Topological Sort for problems using DAG

Given a DAG (Directed Acyclic Graph), in which we know the adjacencies represent the order in which to perform a task, and the vertices are tasks, we want to place the vertices in a sequence. We must find a sequence that must satisfy all dependencies of pre-requisites. This sequential arrangement of the vertices is called the topological sort of the DAG.

The first examples that come in my mind are of pre-requisite chains in courses offered at universities. Suppose, you were given a challenge to plot a roadmap for everyone in your university about how they can complete their major and/or minor given the courses they have already completed. Another one to which I was exposed recently was of finding out the complete sequence of events that took place if only given a partial sequence and also to detect if the given information was accurate or not.

Accuracy of the given information can be detected by checking if at any point in the algorithm we detect a cycle. Since, such problems are being expressed through DAGs, if there exists any cycle in the graph, it can be concluded that the graph will not have a topological sort. The proof for this can be found here

Suppose we have the following graphs:

graph1 = { "x" : ["y"],
                "z" : ["y"],
                "y" : [],
                "a" : ["b"],
                "b" : ["c"],
                "c" : [] }

graph2 = {"x" : ["y"], "y": ["x"]}

Here, you can notice how graph1 has a toposort but for graph2, it does not exist. This is because of the fact there exists a cycle in the graph. We can also understand it using the proof of the statment I had mentioned above. “Topological sort exists only for a DAG” and since graph2 is not a DAG (since, it is cyclic) it must not have a toposort.
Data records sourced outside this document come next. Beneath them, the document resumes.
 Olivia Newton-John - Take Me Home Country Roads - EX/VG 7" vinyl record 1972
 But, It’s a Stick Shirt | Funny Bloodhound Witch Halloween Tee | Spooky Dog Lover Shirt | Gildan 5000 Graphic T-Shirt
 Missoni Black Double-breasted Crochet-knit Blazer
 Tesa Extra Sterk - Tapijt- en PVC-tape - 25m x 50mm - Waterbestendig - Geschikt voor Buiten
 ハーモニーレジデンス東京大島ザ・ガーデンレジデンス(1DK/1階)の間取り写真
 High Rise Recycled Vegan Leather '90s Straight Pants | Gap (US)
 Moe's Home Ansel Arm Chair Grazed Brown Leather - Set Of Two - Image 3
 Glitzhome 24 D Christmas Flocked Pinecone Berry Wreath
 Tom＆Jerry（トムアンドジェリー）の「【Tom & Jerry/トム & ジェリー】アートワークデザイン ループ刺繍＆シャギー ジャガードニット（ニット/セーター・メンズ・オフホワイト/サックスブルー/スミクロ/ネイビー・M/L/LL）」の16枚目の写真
We can find the toposort using a modified dfs algorithm or kahn’s algorithm.

Kahn’s algorithm is discussed in the link and depends and utilizes on calculating the indegree of all the vertices and using Queue (although it can also be written using an array).

Here is my implementation using Modified DFS and an array as a (kind-of) stack:

def dfs_toposort(graph):
    L = []
    color = { u : "white" for u in graph }
    found_cycle = [False]
    
    for u in graph:
        if color[u] == "white":
            dfs_visit(graph, u, color, L, found_cycle)
        if found_cycle[0]:
            break
    
    if found_cycle[0]:
        L = []
    
    L.reverse()
    return L

def dfs_visit(graph, u, color, L, found_cycle):
    if found_cycle[0]:
        return
    color[u] = "gray"
    
    for v in graph[u]:
        if color[v] == "gray":
            found_cycle[0] = True
            return
        if color[v] == "white":
            dfs_visit(graph, v, color, L, found_cycle)
    
    color[u] = "black"
    L.append(u)

The function dfs_toposort returns an empty array if there exists a cycle in the graph.

Also, it is important to note here that the topological sort need not be unique. (Hence, for competitive programming problems it might be easier to find problems that involve checking if a given graph is a DAG or not; or if a sequence satisfying the pre-req chain exists or not by detecting cycles). This is quite evident once you realize that there might be many 0-in-degree vertices that can lead the toposort result.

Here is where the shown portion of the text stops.